Comment 1 Florian Weimer 2016-08-25 12:06:23 UTC
Does the corruption only happen during the glibc update, or does it persist after the update?

Comment 2 Kamil Páral 2016-08-25 12:09:05 UTC
(In reply to Florian Weimer from comment #1)
> Does the corruption only happen during the glibc update, or does it persist
> after the update?

Just during the update (until you reboot or maybe fix it by switching VTs). After reboot, everything is fine.

I reproduced this on X11 as well, so this is not a wayland problem. Also, with X11 (with my limited 1 attempt), I was not able to get rid of the corruption by switching VTs.

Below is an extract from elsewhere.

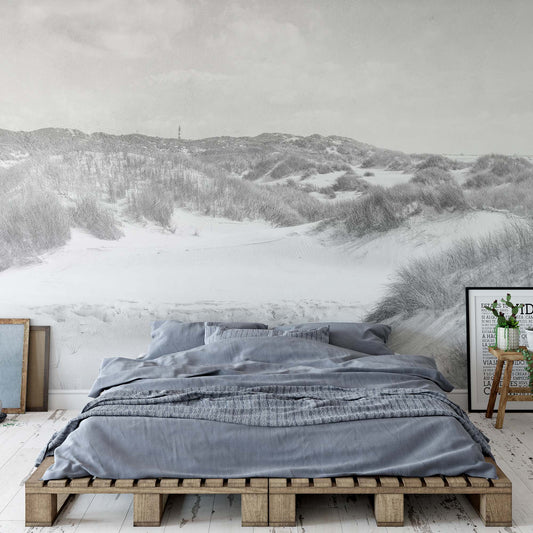 Dune Paradise Faded Vintage in Black and White Wallpaper - USTAD HOME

Comment 3 Florian Weimer 2016-08-25 12:39:08 UTC
(In reply to Kamil Páral from comment #2)
> (In reply to Florian Weimer from comment #1)
> > Does the corruption only happen during the glibc update, or does it persist
> > after the update?
> 
> Just during the update (until you reboot or maybe fix it by switching VTs).
> After reboot, everything is fine.
> 
> I reproduced this on X11 as well, so this is not a wayland problem. Also,
> with X11 (with my limited 1 attempt), I was not able to get rid of the
> corruption by switching VTs.

The display stack is not restarted while the glibc update is running, and it keeps using the previous glibc version/  So the glibc update itself can hardly be the cause of this issue.  It just happens to trigger it.

I expect that this is some sort of temporary interference from evelated CPU or PCI bus load.  Would you please reassign this bug to some package in the display stack?  Thanks.

Comment 4 Kamil Páral 2016-08-25 12:49:10 UTC
So, this seems to affect all machines, bare metal and VMs, but in a different way:

* on our two machines with AMD GPUs, we see the screen corruption as described. Their graphics cards are:
01:00.0 VGA compatible controller [0300]: Advanced Micro Devices, Inc. [AMD/ATI] Turks PRO [Radeon HD 6570/7570/8550] [1002:6759]
00:01.0 VGA compatible controller [0300]: Advanced Micro Devices, Inc. [AMD/ATI] Kaveri [Radeon R7 Graphics] [1002:130f] (rev d4)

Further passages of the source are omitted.